EXERCISE DESCRIPTION —
From the line containing "movie-based - NEW" to the last line of the data below, copy everything exactly and nothing else; pictures stay out.

DATA SHOWN —
-- Opening Marker --
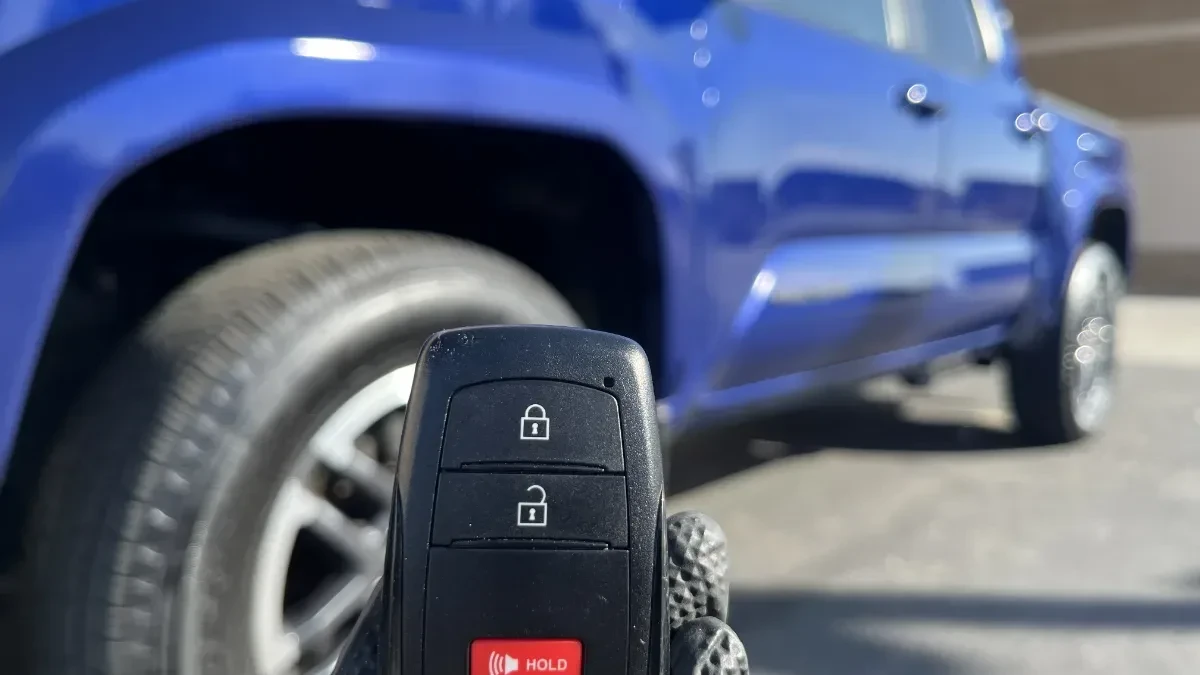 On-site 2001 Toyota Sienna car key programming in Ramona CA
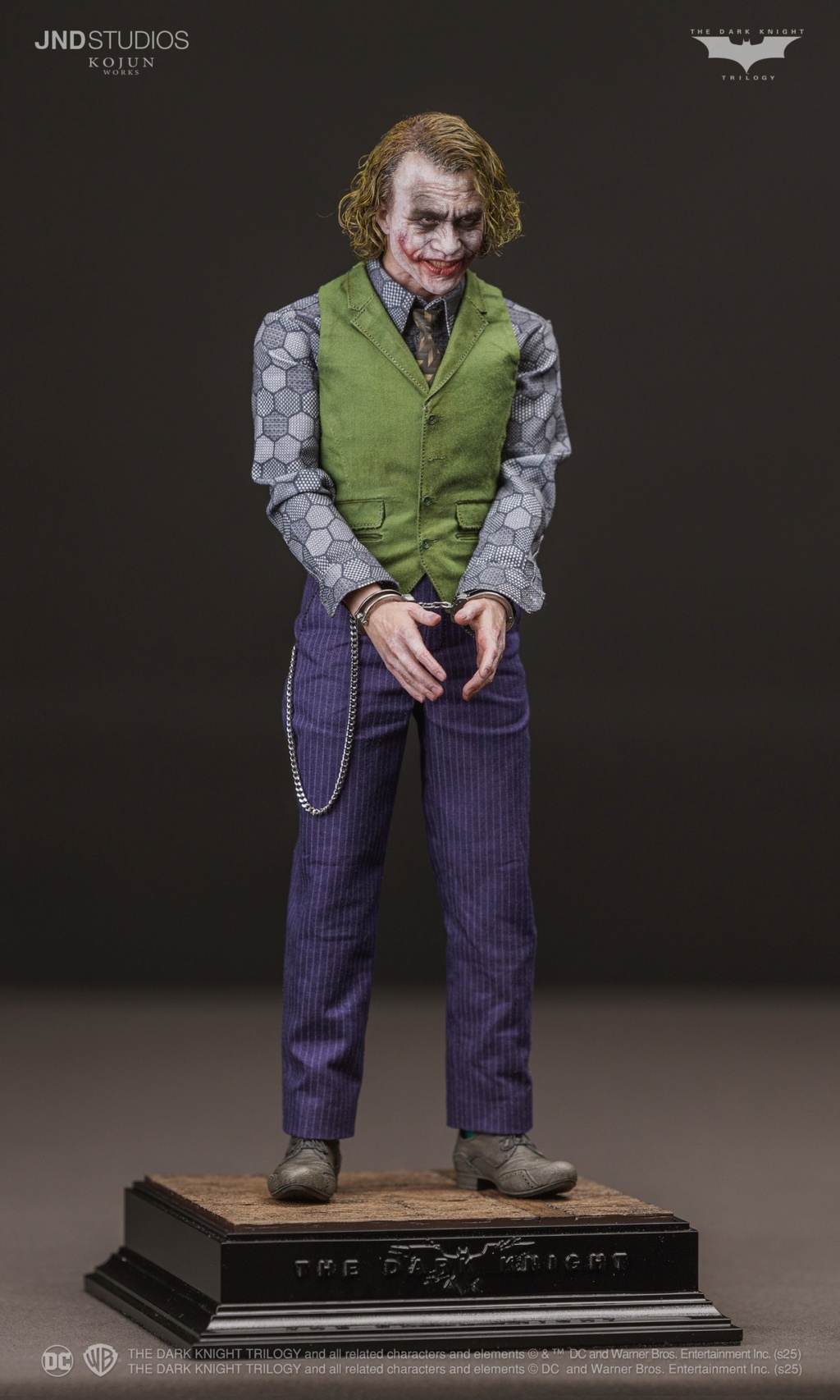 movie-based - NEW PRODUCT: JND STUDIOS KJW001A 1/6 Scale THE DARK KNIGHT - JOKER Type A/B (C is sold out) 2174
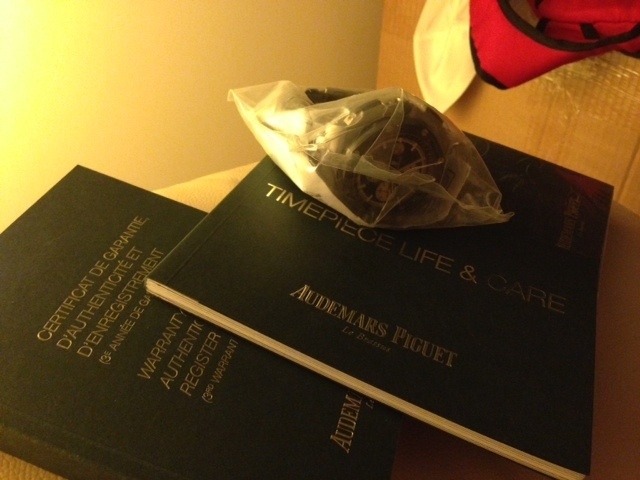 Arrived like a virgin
-- Closing Marker --
RESPONSE —
 movie-based - NEW PRODUCT: JND STUDIOS KJW001A 1/6 Scale THE DARK KNIGHT - JOKER Type A/B (C is sold out) 2174
 Arrived like a virgin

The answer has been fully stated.